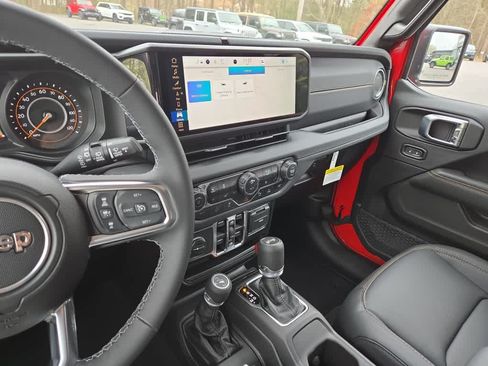New 2026 Jeep Wrangler Unlimited Sahara AWD/4WD image 14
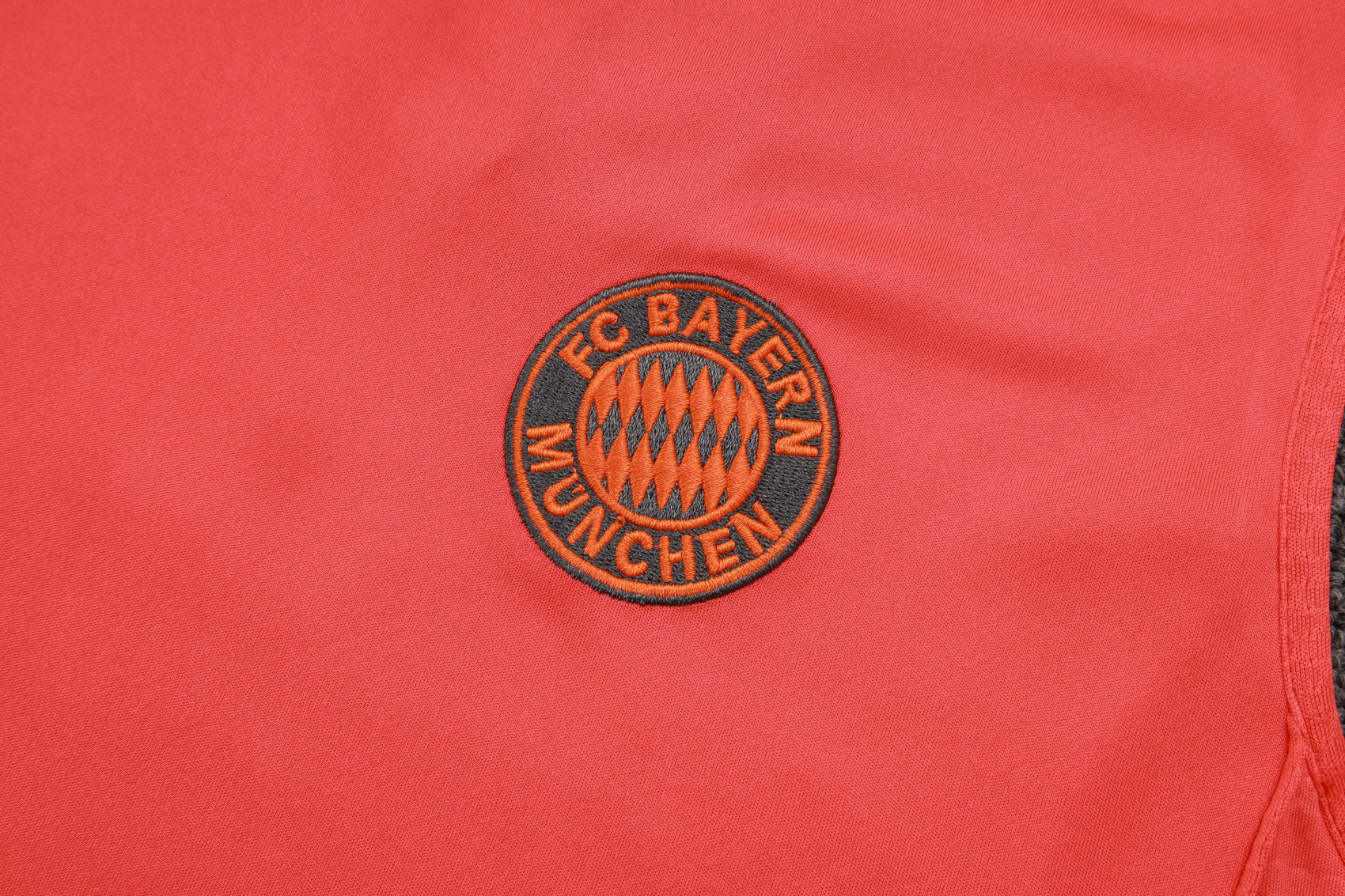 Kit Treino Manga Cava FC Bayern Munique 2025-26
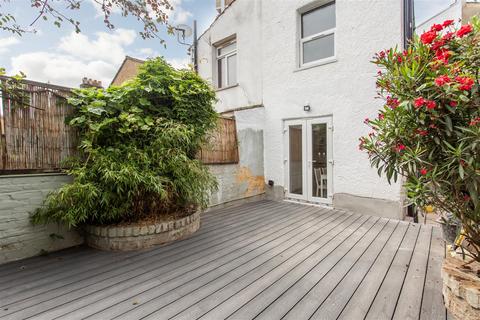 4 bedroom terraced house to rent, Bow Common Lane, Mile End, E3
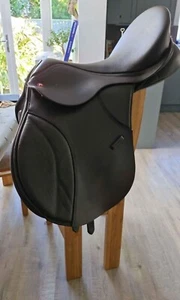 Thorowgood T8 Cob Saddle 17.5 inch, Beautiful Havana Brown - Picture 1 of 5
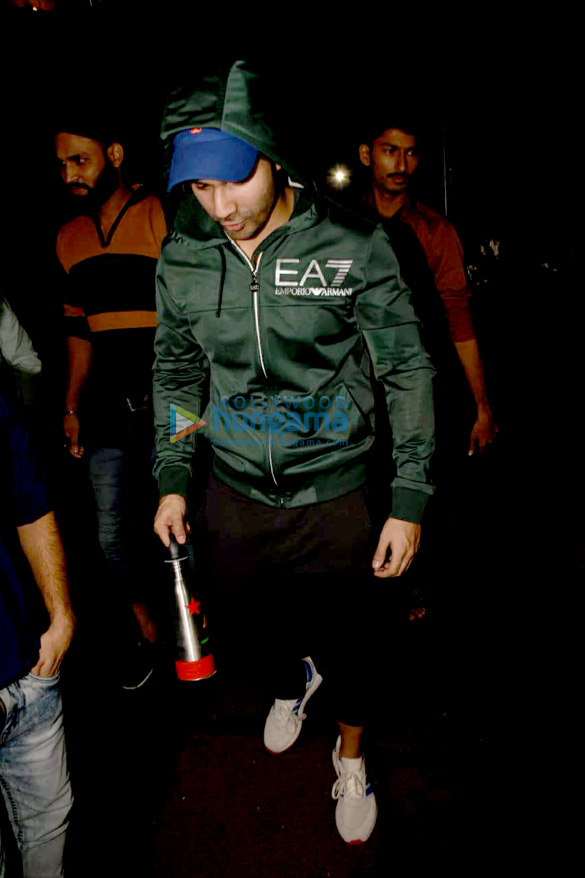 varun dhawan and kartik aaryan snapped outside the gym 3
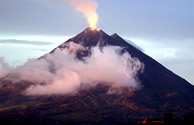 アレナル火山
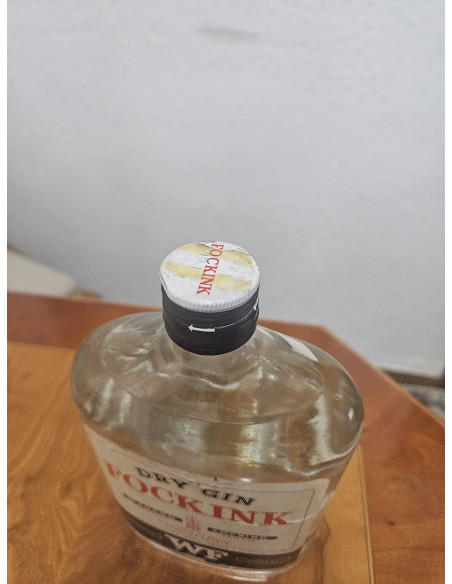 Fockink Dry Gin Tarragona Spanish Bottling 75cl 1970s 011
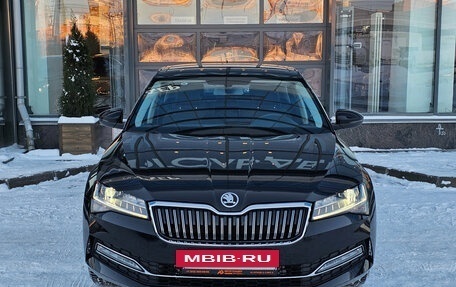 Skoda Superb III рестайлинг, 2025 год, 3 350 000 рублей, 2 фотография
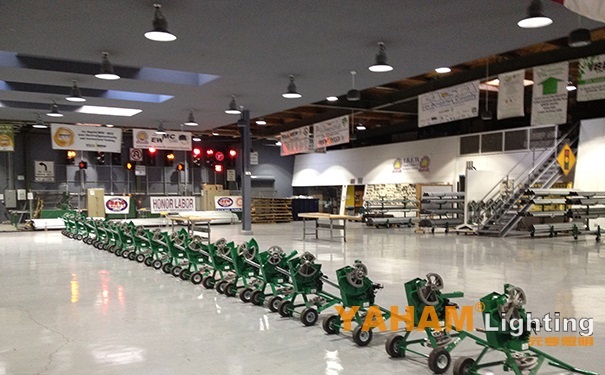 LED工矿灯照亮车间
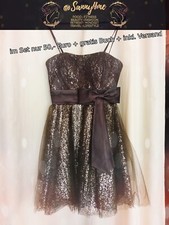 atemberaubendes Abendkleid von Laona, Größe 34, Farbe Anthrazit, Zustand: Neu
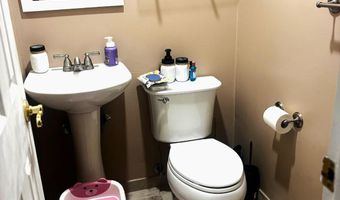 2905 MADALINE Dr, Avenel, NJ 07001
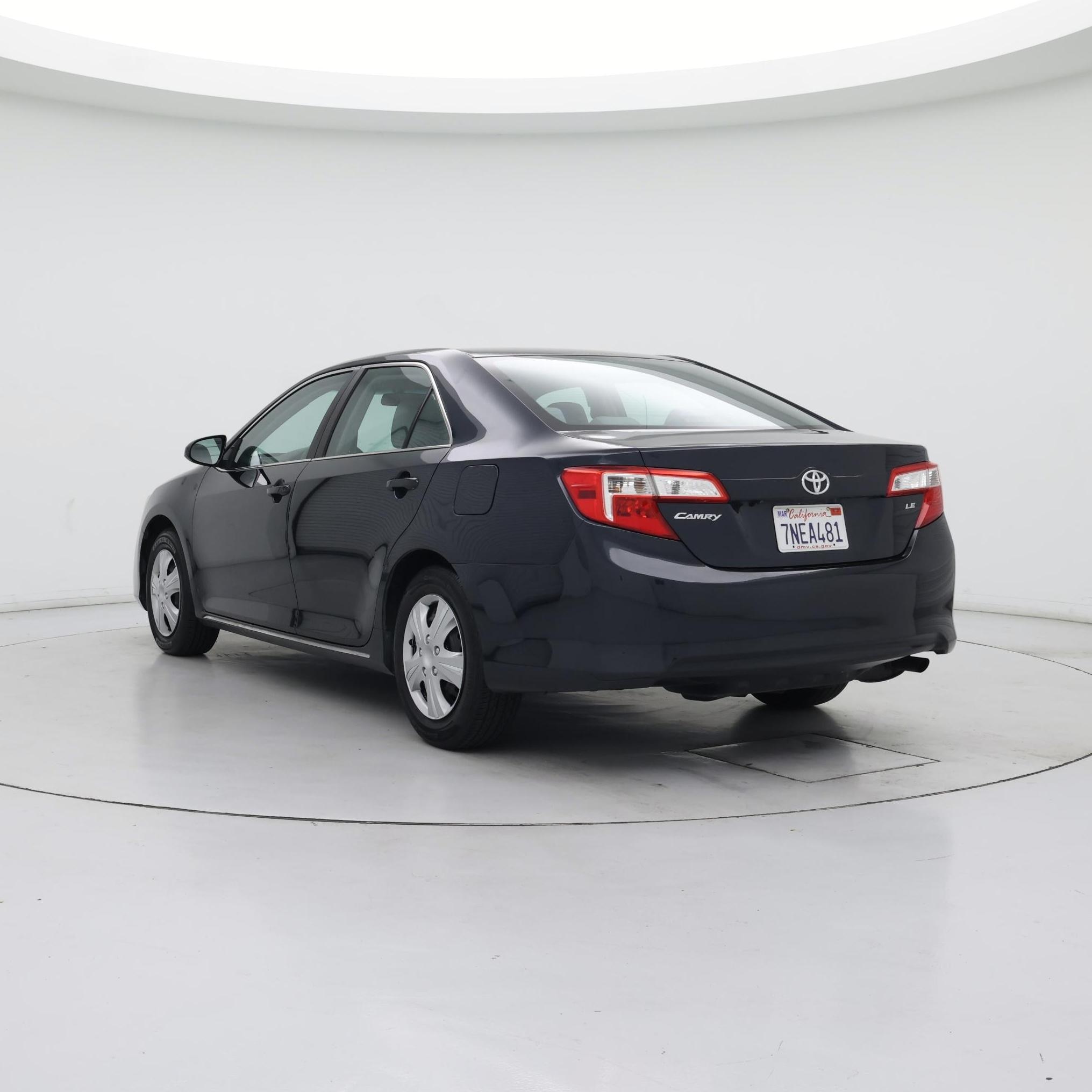 Thumbnail: 2014 Toyota Camry - 2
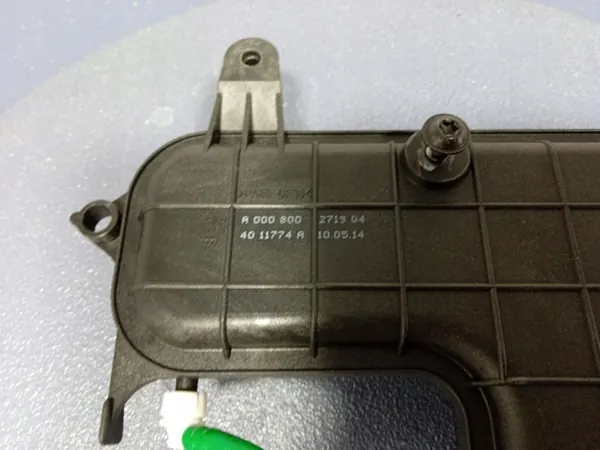 Mercedes Lufttank OEM A0008002719 för E-klass W212 image 4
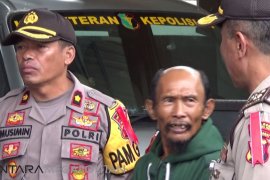 Lansia mengaku Tuhan ditangkap di Sukabumi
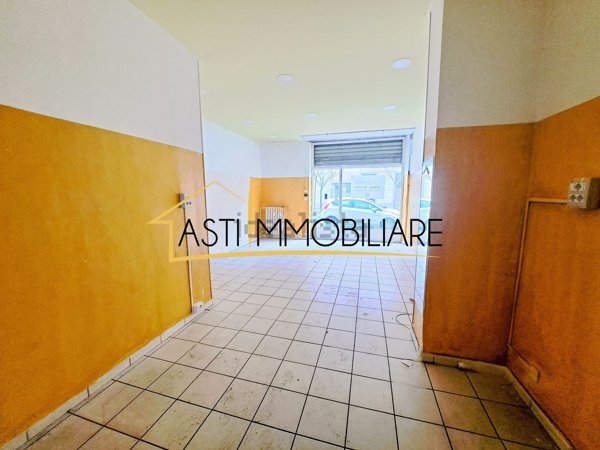 locale commerciale in vendita ad Asti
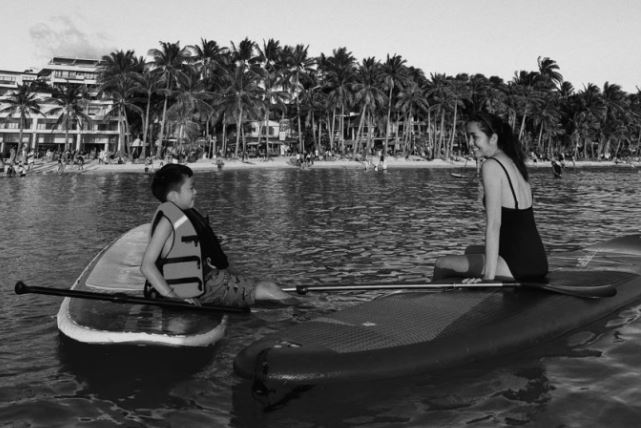 Gọi Tăng Thanh Hà là "bà mẹ siêu nhân": Chỉ chia sẻ 1 bức ảnh mà dân tình phải khen lấy khen để chuyện dạy con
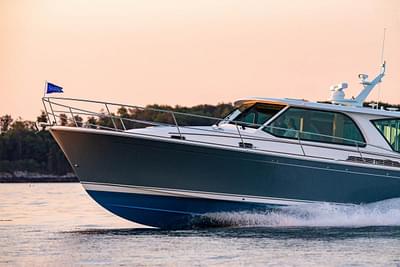 BOATZON | Sabre 43 Salon Express 2026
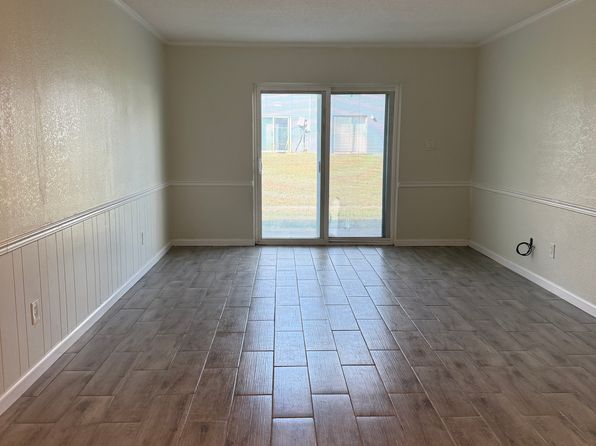 2325 W Pensacola St APT 143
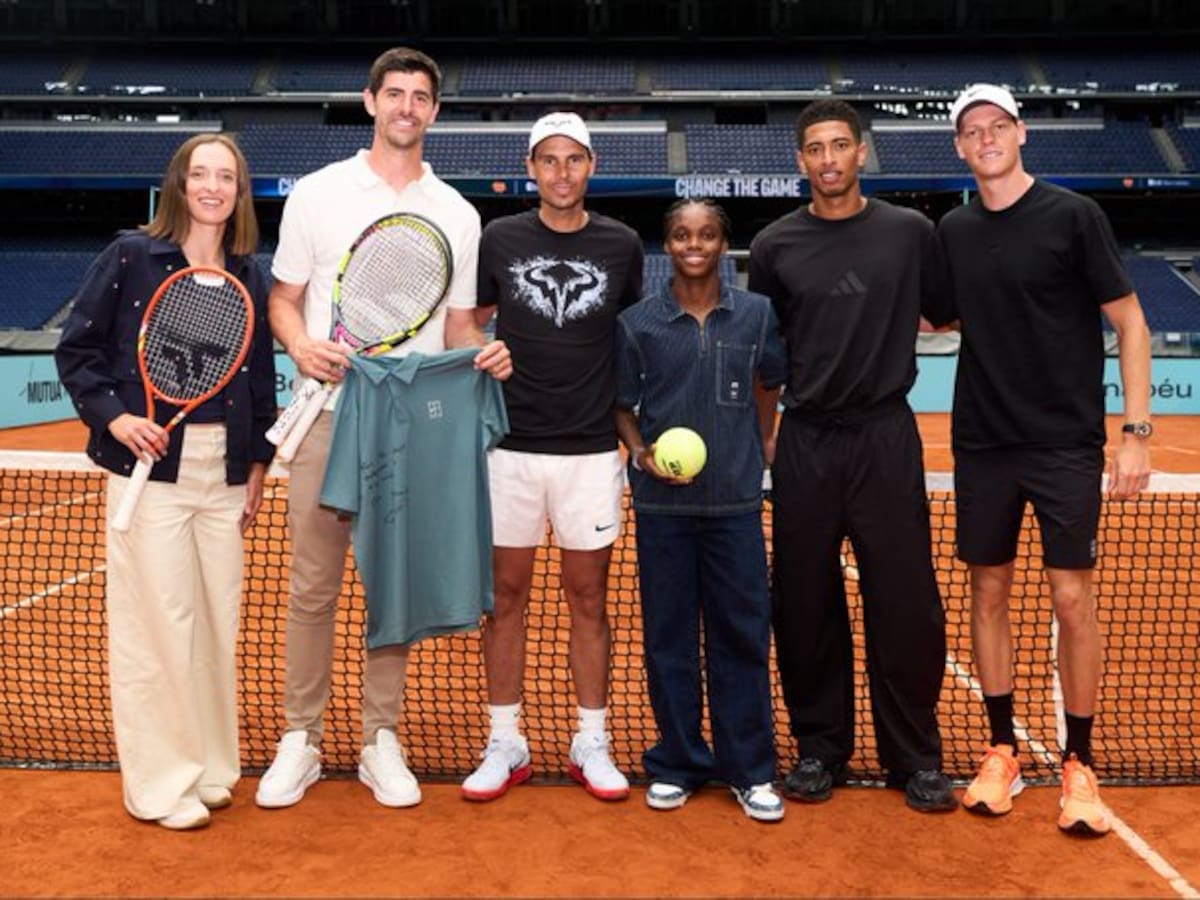 La realidad supera a la IA: Rafa Nadal, Bellingham, Courtois y Sinner juegan al tenis con Florentino Pérez de juez de silla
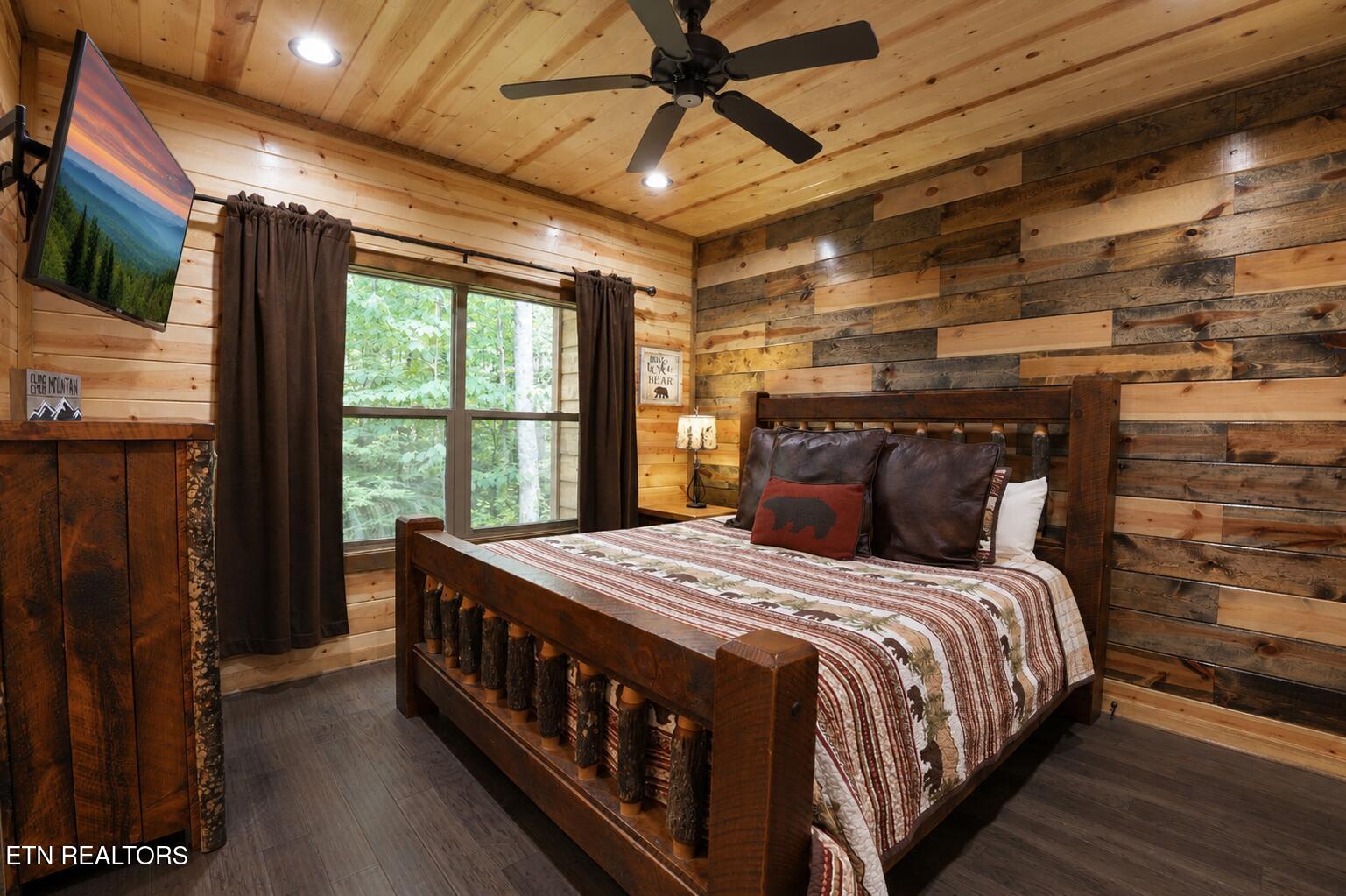 2215 Cub Circle Sevierville TN 37862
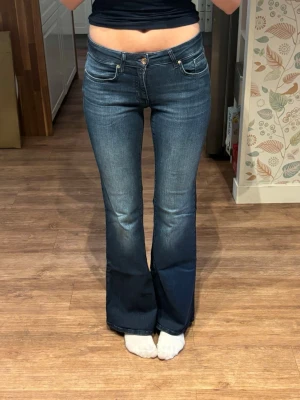 ONLY lågmidjade jeans  - Jättefina lågmidjade bootcut jeans från Only i storlek 26/32. De är stretchiga och därmed super sköna. Säljer så de är lite korta på mig som är 171 lång.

═══

**Problem to work on**
Every line above should be copied exactly, apart from any pictures.

**Result**
New 2026 Jeep Wrangler Unlimited Sahara AWD/4WD image 14
 Kit Treino Manga Cava FC Bayern Munique 2025-26
 4 bedroom terraced house to rent, Bow Common Lane, Mile End, E3
 Thorowgood T8 Cob Saddle 17.5 inch, Beautiful Havana Brown - Picture 1 of 5
 varun dhawan and kartik aaryan snapped outside the gym 3
 アレナル火山
 Fockink Dry Gin Tarragona Spanish Bottling 75cl 1970s 011
 Skoda Superb III рестайлинг, 2025 год, 3 350 000 рублей, 2 фотография
 LED工矿灯照亮车间
 atemberaubendes Abendkleid von Laona, Größe 34, Farbe Anthrazit, Zustand: Neu
 2905 MADALINE Dr, Avenel, NJ 07001
 Thumbnail: 2014 Toyota Camry - 2
 Mercedes Lufttank OEM A0008002719 för E-klass W212 image 4
 Lansia mengaku Tuhan ditangkap di Sukabumi
 locale commerciale in vendita ad Asti
 Gọi Tăng Thanh Hà là "bà mẹ siêu nhân": Chỉ chia sẻ 1 bức ảnh mà dân tình phải khen lấy khen để chuyện dạy con
 BOATZON | Sabre 43 Salon Express 2026
 2325 W Pensacola St APT 143
 La realidad supera a la IA: Rafa Nadal, Bellingham, Courtois y Sinner juegan al tenis con Florentino Pérez de juez de silla
 2215 Cub Circle Sevierville TN 37862
 ONLY lågmidjade jeans  - Jättefina lågmidjade bootcut jeans från Only i storlek 26/32. De är stretchiga och därmed super sköna. Säljer så de är lite korta på mig som är 171 lång.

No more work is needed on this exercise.